Oxford Industries Rating Increased to Hold

Wall Street Zen upgrades apparel company's stock from 'sell' to 'hold'

Mar. 28, 2026 at 5:25am

Oxford Industries (NYSE:OXM) was upgraded by analysts at Wall Street Zen from a 'sell' rating to a 'hold' rating in a research report issued on Saturday. The report cited several factors, including the company's recent quarterly results and forward-looking guidance for fiscal year 2026.

Why it matters

This rating change reflects a shift in Wall Street's sentiment towards Oxford Industries, a leading designer and distributor of men's and women's lifestyle apparel. The upgrade could signal that some analysts see potential for the company to improve its financial performance in the coming years, though near-term profitability remains a concern.

The details

In the research report, Wall Street Zen analysts noted that Oxford Industries' fourth-quarter revenue topped estimates, and the company issued fiscal year 2026 guidance calling for improved profitability. However, the quarter also included a surprising earnings-per-share miss, with operating and net income pressured.
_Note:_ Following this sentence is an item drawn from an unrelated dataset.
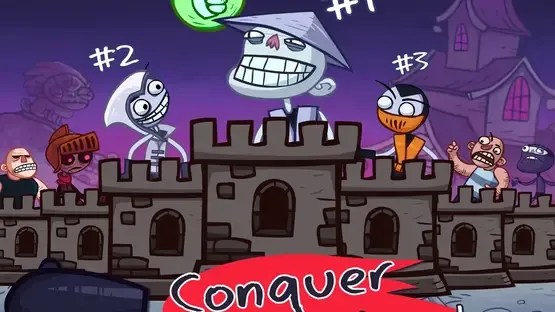 Trollface Quest: Video Games screenshot 12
Several other analysts have lowered their forecasts and price targets for the stock following the latest quarterly results.

  • Oxford Industries reported its fourth-quarter 2025 earnings on March 26, 2026.
  • Wall Street Zen issued its research report and rating upgrade on March 28, 2026.

The players

Wall Street Zen

An equity research firm that covers Oxford Industries and other apparel and retail companies.

Oxford Industries

A leading designer, marketer and distributor of high-quality men's and women's lifestyle apparel and accessories, including the Tommy Bahama and Southern Tide brands.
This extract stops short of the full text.